UPS Lowers 4Q Earnings Forecast on Holiday Costs
“While [domestic] package volume and revenue results were in line with expectations, operating profit was negatively impacted by higher-than-expected peak-related expenses,” the statement said. UPS also said 2015 earnings would be “slightly below” its prior full-year target of 9% to 13% profit growth.
UPS added 95,000 seasonal workers, 73% more than 2013, and spent $500 million to expand network capability with the expectation of increased volume. However, demand didn’t match expectations during the 2014 holidays, except for two days, the statement said.
UPS geared up to meet increased demand after thousands of post-Christmas deliveries in 2013 because its network couldn’t handle surges of online and other orders.
The Atlanta-based company was expected to earn $1.47 per share in the fourth quarter, based on the average analyst estimate compiled by Bloomberg News.
UPS, which ranks No. 1 on the Transport Topics Top 100 list of the largest U.S. and Canadian for-hire carriers, also said net income will be $4.75 per share for 2014.
“Clearly, our financial performance during the quarter was disappointing,” CEO David Abney said. “UPS invested heavily to ensure we would provide excellent service during peak when deliveries more than double.
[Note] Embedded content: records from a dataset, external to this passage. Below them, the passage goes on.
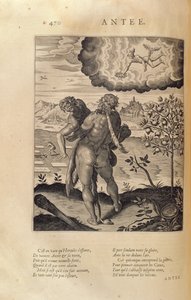 Herkules megöli Antaeust, Blaise de Vigenere (1523-96) "Les Images ou Tableaux de Platte Peinture des Deux Philostrates Sophistes Grecs" című művéből, Párizs, 1615. alkotó: Leonard Gaultier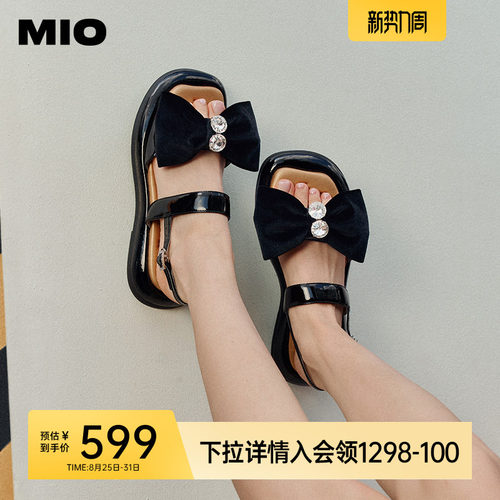 米奥MIO拼色低跟休闲凉鞋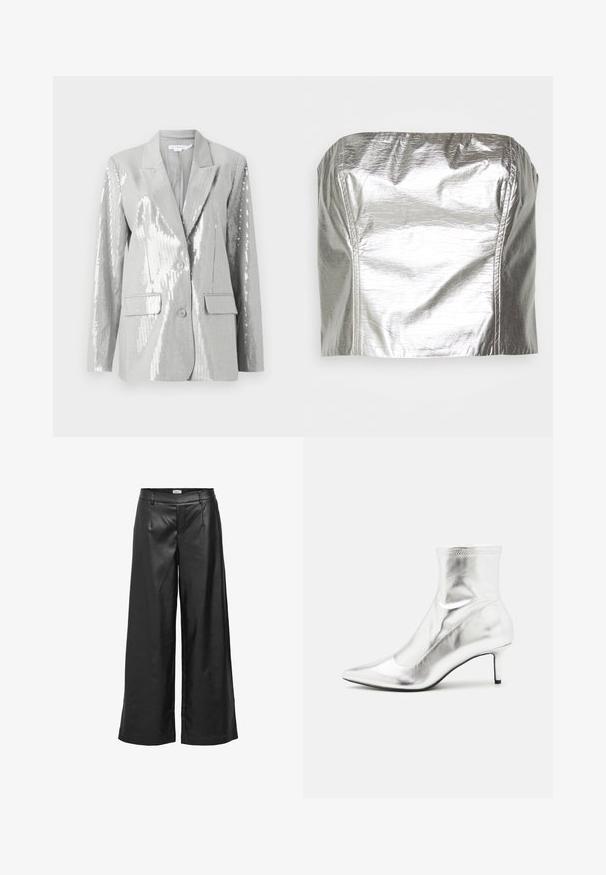Good American Blazer - grey; Gina Tricot TUBE - Débardeur - silver-coloured; Object Wide-leg ed - Pantalon classique - black; Bottine métallique argentée avec un bout pointu et un talon fin. Présente un ajustement snug et une texture lisse et brillante. Accent de couture en haut.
“Though customers enjoyed high-quality service, it came at a cost to UPS. Going forward, we will reduce operating costs and implement new pricing strategies during peak season.”
Costs also rose because of training, overtime and rates charged by contract carriers.
The company said “the network was somewhat disrupted by volume fluctuations caused by the West Coast port dispute,” without giving details. The statement also said that the supply chain and freight business that includes international ocean shipping performed “in line” with expectations during the quarter, also without specific information.
Pension costs and currency adjustments are expected to hurt 2015 results, the statement said. During the fourth quarter, the company also had pension and health care related costs that hurt earnings, the statement said.